Repeat only the lines below that run from the line with "Kierownica multifunkcja Citroen" to the line with "60m-Hdmi Extender (TX+RX", ends included; skip every picture.

Source material »
((

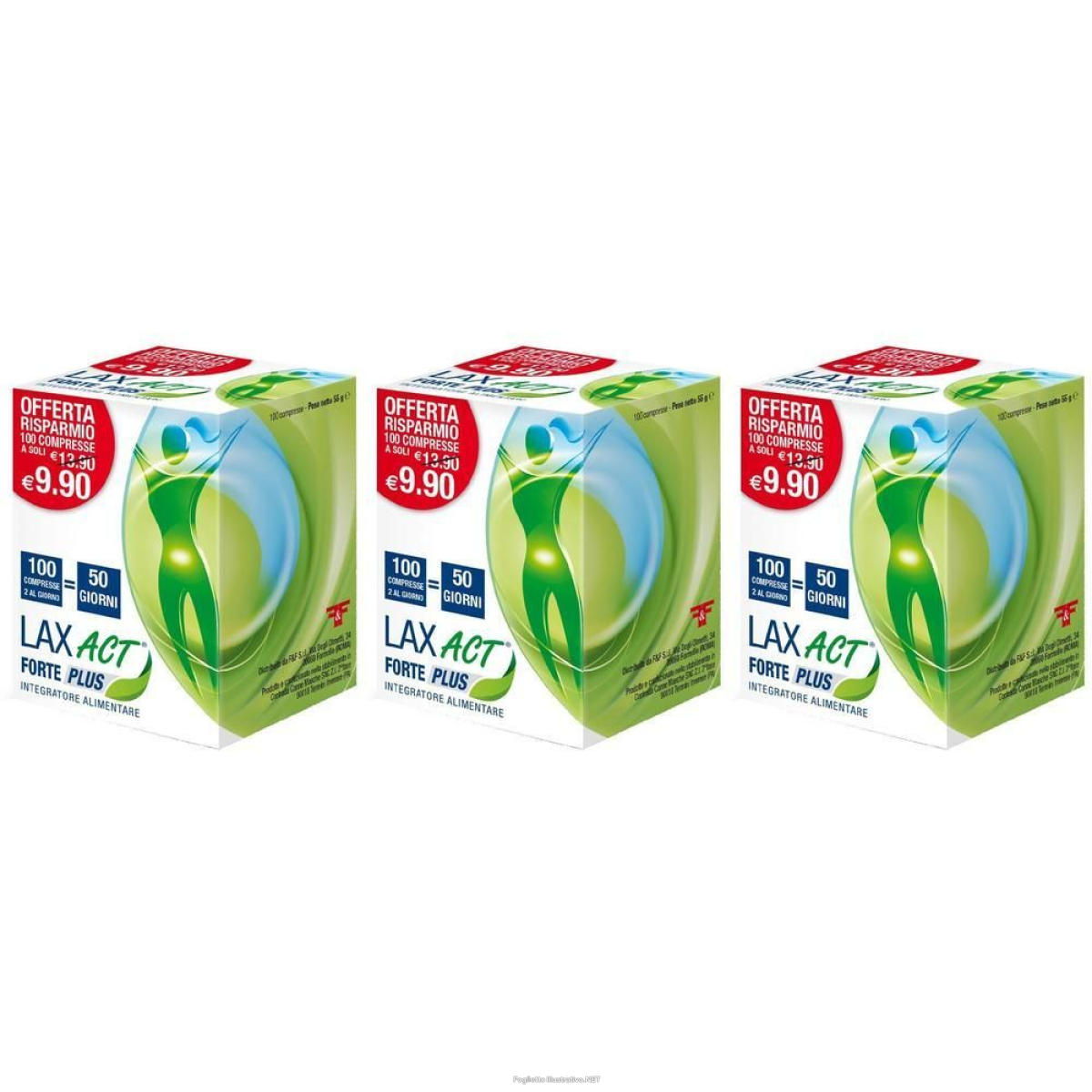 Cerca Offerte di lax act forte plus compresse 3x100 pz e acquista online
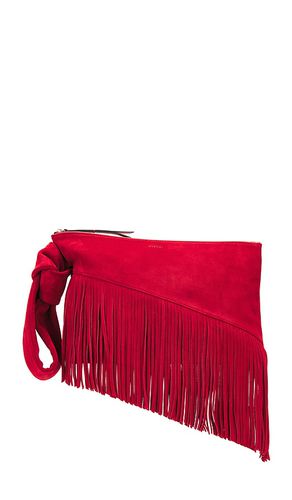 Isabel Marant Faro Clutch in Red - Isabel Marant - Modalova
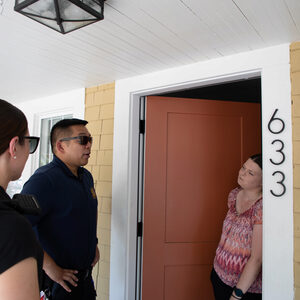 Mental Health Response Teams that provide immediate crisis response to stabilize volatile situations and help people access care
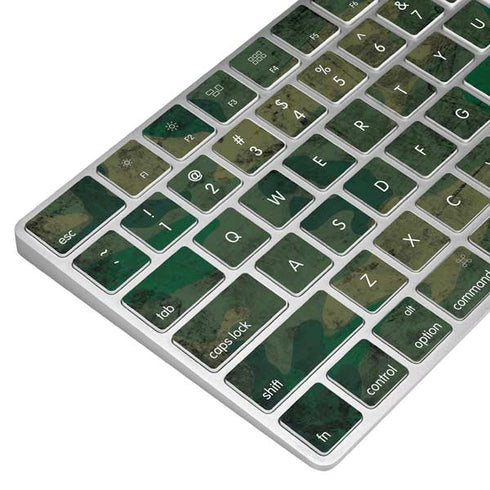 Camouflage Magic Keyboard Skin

))
((

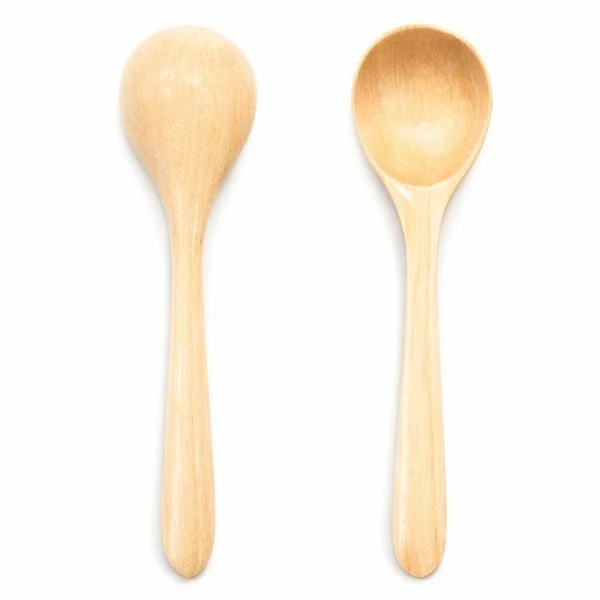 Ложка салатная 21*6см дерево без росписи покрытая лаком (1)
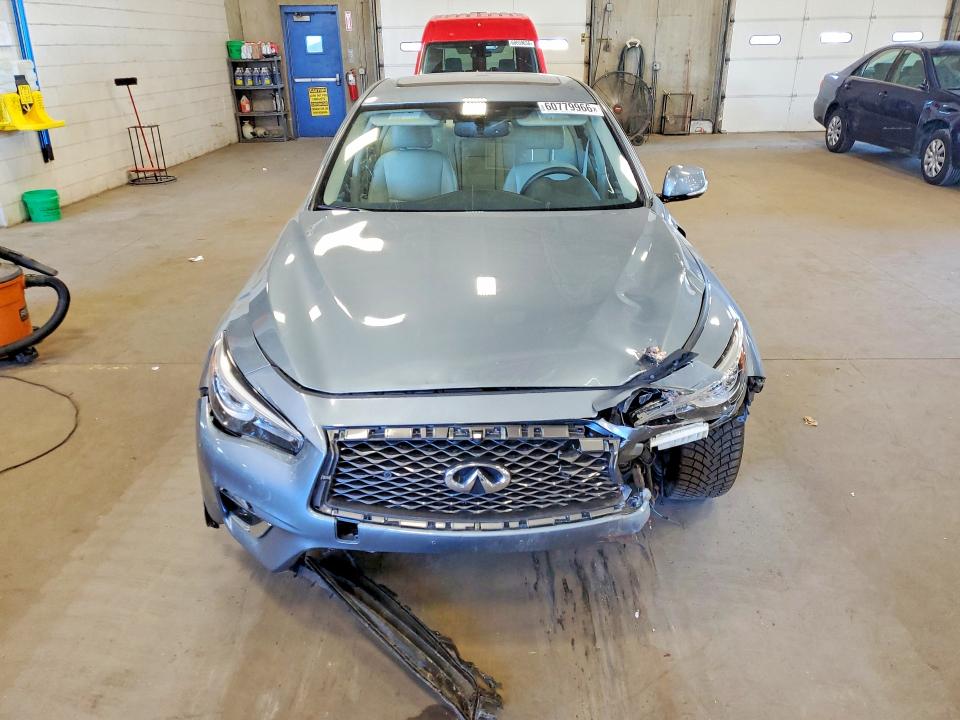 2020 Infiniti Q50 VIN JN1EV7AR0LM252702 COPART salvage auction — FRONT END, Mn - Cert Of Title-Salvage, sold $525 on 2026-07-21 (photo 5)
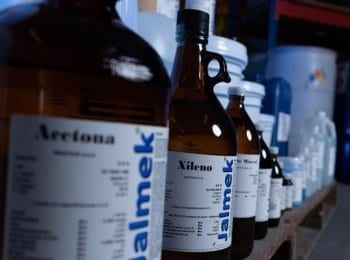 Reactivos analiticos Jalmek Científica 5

))
((

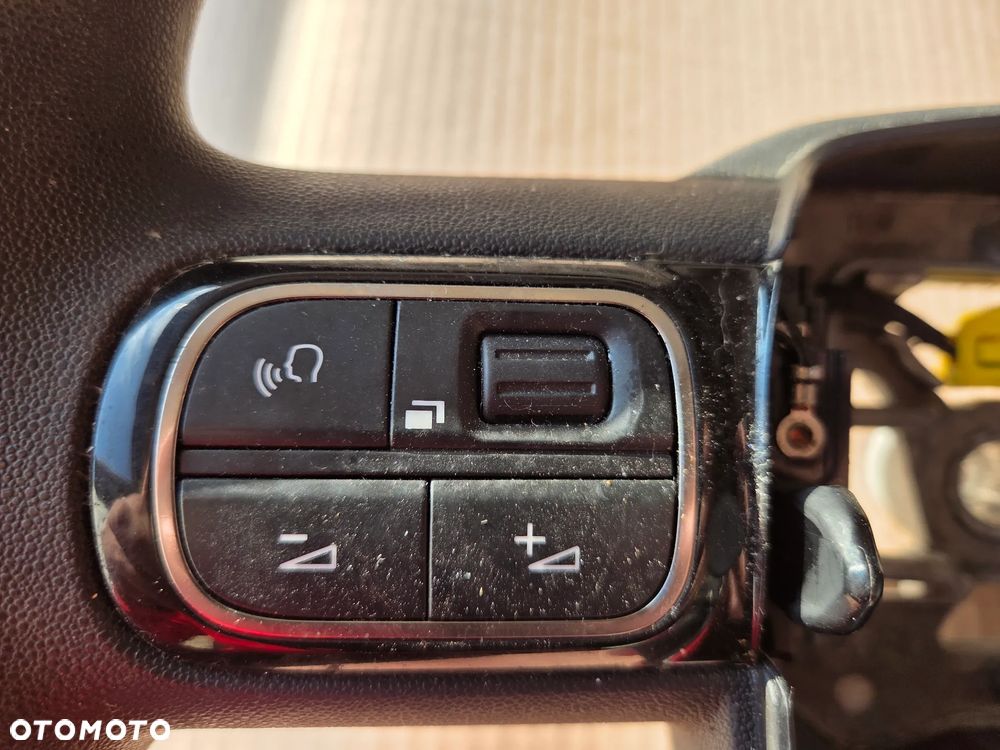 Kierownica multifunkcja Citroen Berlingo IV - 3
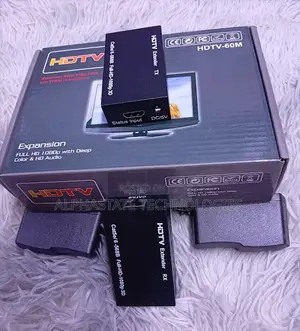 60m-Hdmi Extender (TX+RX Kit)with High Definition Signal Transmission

))

The completed task »
 Kierownica multifunkcja Citroen Berlingo IV - 3
 60m-Hdmi Extender (TX+RX Kit)with High Definition Signal Transmission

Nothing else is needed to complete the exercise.